Cancer Applications: Bleomycin contains a disaccharide moiety composed of 2 unusual sugars, L-glucose and 3-O-carbamoyl-D-mannose. Bleomycin could be regarded as a modular system composed of a tumor-targeting agent (the dissacharide moiety) and a tumoricidal agent (deglycobleomycin). The disaccharide moiety is responsible for the tumor cell targeting properties of Bleomycin. Bleomycin analogs were prepared, the glycosylated analogs were more cytotoxic to cultured DU145 prostate cancer cells. These findings establish a role for the Bleomycin disaccharide in tumor targeting/uptake and suggest that the disaccharide moiety may be capable of delivering other cytotoxins to cancer cells. Cytotoxicity testing with DU145 human prostate cancer cells in vitro (Schroeder et al, 2014).
Bleomycin is used in combination with other antineoplastic agents in studying lymphomas, testicular carcinomas, and squamous cell carcinomas. Authors found that the human L-carnitine transporter (hCT2) is involved in bleomycin-A5 uptake. NT2/D1 human testicular cancer cells which highly express hCT2 are very sensitive to Bleomycin-A5. Data suggest that hCT2 can mediate the uptake of Bleomycin A5 (Aouida et al, 2010).
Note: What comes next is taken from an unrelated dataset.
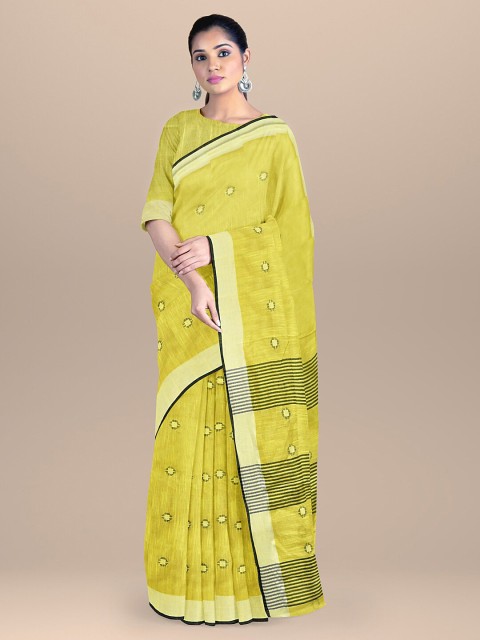 

BharatSthali Yellow & Black Ethnic Motifs Taant Pure Cotton Saree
In cell culture experiments with Bleomycins and BLM carbohydrates conjugated to microbubbles, it has been demonstrated that Bleomycins are tumor-seeking molecules. Biotinylate Bleomycin A5 was attached to microbubbles, and a conjugate-containing solution was passed over a monolayer of MCF-7 cells. The microbubbles adhered to the MCF-7 cells. The conjugate did not bind to a normal breast cell line or to matched noncancer cell lines. No binding occurred if the microbubbles lacked conjugated Bleomycin A5 or if the microbubble lacked the carbohydrate moiety (Chapuis et al, 2009).
A well-known characteristic of tumor cells is the Warburg effect, that is the propensity of tumor cells to produce increased ATP via glycolysis rather than by mitochondrial oxidative phosphorylation. The shift to glycolysis is accompanied by upregulation of glucose transporters to provide the greater amounts of glucose needed to support increased glycolysis. If authors treated two normal cell lines (normal WI-38 cells and normal kidney CCD-1105 KIDTr cells) with the inhibitor rotenone (a mitochondrial complex 1 inhibitor), this forced these cells to use increase glycolysis in the same fashion as tumor cells and this resulted in an enhanced ability to incorporate BLM-Cy5. The finding implies that the BLM saccharide moiety may be able to deliver other cytotoxins selectively to tumor cells (Mobasheril, 2005).